» **Required work**
Word for word, retype the first line of the records and every following line through the one containing "d un roman-monstre".

» **Information provided**

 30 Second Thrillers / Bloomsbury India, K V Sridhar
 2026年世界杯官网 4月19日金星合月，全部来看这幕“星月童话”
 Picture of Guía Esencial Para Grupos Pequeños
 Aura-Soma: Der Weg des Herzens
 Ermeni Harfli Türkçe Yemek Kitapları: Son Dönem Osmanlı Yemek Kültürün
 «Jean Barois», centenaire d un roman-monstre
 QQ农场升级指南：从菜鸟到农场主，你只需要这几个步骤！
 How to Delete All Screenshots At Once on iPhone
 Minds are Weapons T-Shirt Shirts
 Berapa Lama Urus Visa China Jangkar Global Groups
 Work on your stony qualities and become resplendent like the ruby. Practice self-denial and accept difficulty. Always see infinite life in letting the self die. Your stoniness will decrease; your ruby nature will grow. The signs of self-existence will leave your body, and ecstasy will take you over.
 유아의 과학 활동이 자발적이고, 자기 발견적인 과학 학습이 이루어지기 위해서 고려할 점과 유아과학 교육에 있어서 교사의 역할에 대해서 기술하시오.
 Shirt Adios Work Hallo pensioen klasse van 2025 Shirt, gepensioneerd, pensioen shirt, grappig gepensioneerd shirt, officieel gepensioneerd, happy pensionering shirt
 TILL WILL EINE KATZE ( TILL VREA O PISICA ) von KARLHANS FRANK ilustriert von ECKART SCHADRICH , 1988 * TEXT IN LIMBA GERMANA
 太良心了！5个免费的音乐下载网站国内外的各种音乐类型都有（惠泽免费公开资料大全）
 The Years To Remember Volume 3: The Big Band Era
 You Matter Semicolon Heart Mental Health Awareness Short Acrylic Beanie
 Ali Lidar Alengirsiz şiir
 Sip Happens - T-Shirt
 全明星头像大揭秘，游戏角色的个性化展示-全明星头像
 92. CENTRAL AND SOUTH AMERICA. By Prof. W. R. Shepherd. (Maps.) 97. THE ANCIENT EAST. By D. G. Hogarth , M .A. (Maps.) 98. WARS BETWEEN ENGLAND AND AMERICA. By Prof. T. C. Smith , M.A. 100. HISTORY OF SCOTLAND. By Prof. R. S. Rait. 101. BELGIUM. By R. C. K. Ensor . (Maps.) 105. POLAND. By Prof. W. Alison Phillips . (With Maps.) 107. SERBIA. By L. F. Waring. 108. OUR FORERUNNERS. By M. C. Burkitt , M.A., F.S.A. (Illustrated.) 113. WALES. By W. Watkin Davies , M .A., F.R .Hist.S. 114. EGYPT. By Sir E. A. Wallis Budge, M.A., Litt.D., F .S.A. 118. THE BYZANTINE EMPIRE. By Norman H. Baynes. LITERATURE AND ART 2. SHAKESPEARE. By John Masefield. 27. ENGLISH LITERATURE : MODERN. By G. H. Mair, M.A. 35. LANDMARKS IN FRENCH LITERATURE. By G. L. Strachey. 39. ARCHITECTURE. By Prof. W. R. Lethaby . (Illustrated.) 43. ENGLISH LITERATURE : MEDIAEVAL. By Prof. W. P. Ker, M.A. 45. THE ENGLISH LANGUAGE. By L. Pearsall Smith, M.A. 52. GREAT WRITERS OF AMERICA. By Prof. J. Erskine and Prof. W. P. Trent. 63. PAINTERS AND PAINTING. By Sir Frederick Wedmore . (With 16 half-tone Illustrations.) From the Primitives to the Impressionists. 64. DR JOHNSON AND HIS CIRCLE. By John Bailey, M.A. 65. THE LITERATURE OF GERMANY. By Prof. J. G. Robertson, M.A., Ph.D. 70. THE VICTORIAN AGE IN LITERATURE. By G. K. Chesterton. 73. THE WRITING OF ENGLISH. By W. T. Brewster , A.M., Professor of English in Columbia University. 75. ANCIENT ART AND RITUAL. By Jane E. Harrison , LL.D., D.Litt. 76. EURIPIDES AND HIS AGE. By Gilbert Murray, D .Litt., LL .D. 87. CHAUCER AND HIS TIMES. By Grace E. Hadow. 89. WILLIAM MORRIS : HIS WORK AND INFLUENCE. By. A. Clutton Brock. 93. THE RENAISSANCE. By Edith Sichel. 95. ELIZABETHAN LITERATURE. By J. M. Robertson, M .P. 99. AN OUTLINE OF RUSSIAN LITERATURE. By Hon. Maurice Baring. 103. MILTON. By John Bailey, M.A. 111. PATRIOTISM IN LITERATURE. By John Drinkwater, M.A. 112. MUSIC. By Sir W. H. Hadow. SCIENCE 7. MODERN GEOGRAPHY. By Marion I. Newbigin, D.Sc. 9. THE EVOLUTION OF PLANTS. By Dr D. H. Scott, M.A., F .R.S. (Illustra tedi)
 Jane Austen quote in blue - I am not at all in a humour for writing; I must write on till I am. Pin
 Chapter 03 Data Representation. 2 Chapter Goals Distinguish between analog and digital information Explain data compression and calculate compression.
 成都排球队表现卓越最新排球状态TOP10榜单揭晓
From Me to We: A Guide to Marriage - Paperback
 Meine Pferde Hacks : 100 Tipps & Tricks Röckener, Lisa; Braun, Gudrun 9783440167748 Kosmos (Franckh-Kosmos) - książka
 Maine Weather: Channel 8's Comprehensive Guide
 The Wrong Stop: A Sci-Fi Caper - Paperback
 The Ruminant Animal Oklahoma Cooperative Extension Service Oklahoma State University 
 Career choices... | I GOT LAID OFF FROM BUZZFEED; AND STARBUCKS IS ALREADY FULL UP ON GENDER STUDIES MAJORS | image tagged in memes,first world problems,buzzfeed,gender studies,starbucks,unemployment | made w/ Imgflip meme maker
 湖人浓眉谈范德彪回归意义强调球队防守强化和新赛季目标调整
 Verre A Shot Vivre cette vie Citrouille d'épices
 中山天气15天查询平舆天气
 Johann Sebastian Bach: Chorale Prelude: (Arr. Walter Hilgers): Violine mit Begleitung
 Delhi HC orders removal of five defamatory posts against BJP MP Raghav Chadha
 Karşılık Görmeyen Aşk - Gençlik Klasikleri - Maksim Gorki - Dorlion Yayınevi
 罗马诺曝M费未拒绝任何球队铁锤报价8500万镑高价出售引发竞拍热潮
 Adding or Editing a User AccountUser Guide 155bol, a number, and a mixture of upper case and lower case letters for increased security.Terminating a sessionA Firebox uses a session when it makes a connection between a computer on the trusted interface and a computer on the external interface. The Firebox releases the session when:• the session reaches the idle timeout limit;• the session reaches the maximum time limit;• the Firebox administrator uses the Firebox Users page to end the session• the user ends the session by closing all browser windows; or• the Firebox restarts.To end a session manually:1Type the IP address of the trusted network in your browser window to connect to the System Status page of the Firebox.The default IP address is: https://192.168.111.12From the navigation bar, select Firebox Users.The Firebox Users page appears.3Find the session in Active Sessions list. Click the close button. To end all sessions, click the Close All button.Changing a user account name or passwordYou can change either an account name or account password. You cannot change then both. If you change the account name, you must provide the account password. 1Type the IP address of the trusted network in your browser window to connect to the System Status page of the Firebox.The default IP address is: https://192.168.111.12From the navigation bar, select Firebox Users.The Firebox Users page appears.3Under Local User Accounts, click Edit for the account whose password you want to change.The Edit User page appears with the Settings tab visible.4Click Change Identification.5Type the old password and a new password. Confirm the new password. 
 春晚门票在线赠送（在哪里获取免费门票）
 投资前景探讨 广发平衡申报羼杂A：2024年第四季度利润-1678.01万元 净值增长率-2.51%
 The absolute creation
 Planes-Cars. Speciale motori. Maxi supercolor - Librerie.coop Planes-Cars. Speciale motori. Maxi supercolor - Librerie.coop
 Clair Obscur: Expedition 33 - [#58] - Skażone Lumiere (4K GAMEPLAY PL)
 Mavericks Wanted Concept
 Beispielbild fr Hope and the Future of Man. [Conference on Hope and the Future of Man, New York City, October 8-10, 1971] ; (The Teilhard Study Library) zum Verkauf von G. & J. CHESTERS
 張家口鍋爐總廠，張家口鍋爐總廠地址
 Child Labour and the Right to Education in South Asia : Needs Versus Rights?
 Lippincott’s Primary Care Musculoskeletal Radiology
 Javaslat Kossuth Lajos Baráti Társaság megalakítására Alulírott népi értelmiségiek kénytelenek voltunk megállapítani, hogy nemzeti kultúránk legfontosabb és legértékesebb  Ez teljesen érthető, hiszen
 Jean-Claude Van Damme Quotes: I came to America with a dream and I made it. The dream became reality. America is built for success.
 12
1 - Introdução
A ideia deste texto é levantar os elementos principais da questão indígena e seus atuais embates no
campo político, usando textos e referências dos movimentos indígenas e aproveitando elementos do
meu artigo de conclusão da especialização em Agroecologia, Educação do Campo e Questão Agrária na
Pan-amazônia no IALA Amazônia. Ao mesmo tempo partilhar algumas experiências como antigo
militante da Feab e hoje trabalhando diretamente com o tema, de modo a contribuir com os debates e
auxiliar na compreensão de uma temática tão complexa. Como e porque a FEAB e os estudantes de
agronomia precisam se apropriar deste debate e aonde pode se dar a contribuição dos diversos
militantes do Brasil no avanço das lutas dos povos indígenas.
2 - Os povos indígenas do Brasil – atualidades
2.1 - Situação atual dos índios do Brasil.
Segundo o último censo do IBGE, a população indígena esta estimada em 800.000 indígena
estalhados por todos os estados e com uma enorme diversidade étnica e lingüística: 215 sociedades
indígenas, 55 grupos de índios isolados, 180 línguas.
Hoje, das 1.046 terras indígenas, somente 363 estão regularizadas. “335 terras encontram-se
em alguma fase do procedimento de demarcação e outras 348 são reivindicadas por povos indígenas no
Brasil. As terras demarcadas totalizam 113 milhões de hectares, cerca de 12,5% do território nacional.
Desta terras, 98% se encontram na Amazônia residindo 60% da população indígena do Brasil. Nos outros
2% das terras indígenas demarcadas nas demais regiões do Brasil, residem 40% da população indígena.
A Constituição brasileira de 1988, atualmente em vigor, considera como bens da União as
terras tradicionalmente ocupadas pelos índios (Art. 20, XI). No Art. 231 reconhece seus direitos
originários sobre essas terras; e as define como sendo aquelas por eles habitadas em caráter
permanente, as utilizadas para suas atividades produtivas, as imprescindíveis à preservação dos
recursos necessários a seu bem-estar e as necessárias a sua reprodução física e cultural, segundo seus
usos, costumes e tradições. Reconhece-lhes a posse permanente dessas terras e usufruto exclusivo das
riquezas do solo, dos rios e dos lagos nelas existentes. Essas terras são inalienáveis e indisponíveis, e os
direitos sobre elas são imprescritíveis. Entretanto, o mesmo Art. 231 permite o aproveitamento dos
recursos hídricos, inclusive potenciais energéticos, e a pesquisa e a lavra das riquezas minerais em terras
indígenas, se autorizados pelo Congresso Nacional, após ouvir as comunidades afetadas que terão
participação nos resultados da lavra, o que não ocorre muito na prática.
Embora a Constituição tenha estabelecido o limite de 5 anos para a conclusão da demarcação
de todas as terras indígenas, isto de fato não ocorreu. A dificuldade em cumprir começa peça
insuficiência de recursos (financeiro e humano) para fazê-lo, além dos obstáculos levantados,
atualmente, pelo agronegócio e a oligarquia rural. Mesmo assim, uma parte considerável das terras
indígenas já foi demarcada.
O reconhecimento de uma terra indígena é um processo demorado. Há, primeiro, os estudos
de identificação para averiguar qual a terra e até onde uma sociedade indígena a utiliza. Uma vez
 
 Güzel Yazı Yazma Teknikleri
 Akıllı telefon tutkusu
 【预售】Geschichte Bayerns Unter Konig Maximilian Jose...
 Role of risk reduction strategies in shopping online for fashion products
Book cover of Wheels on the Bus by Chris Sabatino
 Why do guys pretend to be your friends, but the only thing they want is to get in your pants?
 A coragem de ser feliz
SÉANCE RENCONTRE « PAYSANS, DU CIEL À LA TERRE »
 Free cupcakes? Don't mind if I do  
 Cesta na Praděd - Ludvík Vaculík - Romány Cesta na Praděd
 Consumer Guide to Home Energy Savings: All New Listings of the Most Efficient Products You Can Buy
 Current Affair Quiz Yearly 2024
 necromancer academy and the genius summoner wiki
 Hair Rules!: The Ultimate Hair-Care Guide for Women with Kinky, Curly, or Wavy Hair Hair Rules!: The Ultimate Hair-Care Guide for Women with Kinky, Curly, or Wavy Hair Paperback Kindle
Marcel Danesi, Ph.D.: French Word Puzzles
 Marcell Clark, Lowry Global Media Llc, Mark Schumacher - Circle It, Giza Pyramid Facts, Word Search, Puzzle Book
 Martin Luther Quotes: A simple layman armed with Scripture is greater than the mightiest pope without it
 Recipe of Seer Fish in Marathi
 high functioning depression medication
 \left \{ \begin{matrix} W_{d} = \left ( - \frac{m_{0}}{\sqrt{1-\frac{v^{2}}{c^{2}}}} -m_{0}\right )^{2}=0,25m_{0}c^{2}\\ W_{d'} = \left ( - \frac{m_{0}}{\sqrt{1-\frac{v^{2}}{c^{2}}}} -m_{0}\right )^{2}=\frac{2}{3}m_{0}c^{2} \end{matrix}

» **Solved problem**
 30 Second Thrillers / Bloomsbury India, K V Sridhar
 2026年世界杯官网 4月19日金星合月，全部来看这幕“星月童话”
 Picture of Guía Esencial Para Grupos Pequeños
 Aura-Soma: Der Weg des Herzens
 Ermeni Harfli Türkçe Yemek Kitapları: Son Dönem Osmanlı Yemek Kültürün
 «Jean Barois», centenaire d un roman-monstre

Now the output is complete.